In the records below, begin at the line containing "Lave-linge LLFT39211 Beko" and end at the line containing "Skechers Dynamight"; quote every line in that span exactly, including both boundary lines, and no others.

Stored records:
———

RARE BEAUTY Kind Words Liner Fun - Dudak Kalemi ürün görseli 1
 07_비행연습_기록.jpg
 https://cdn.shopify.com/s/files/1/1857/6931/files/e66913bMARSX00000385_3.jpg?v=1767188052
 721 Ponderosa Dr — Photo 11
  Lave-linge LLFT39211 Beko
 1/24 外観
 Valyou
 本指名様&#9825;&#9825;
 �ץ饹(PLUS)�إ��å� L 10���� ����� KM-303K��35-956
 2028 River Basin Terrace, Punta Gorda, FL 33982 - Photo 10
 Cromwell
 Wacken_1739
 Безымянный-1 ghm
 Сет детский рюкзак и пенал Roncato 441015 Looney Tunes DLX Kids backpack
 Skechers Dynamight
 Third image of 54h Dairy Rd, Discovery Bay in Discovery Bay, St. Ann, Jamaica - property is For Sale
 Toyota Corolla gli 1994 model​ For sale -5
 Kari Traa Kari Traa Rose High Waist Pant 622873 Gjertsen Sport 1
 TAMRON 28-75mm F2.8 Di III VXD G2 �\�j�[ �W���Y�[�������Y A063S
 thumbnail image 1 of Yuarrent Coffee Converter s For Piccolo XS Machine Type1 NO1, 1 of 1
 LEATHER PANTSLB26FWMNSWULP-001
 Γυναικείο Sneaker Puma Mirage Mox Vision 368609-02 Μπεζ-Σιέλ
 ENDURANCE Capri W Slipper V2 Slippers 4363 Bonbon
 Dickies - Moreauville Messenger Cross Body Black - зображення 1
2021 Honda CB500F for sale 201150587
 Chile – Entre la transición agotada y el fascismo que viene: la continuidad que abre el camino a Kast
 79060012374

———

• ANSWER BOX:
  Lave-linge LLFT39211 Beko
 1/24 外観
 Valyou
 本指名様&#9825;&#9825;
 �ץ饹(PLUS)�إ��å� L 10���� ����� KM-303K��35-956
 2028 River Basin Terrace, Punta Gorda, FL 33982 - Photo 10
 Cromwell
 Wacken_1739
 Безымянный-1 ghm
 Сет детский рюкзак и пенал Roncato 441015 Looney Tunes DLX Kids backpack
 Skechers Dynamight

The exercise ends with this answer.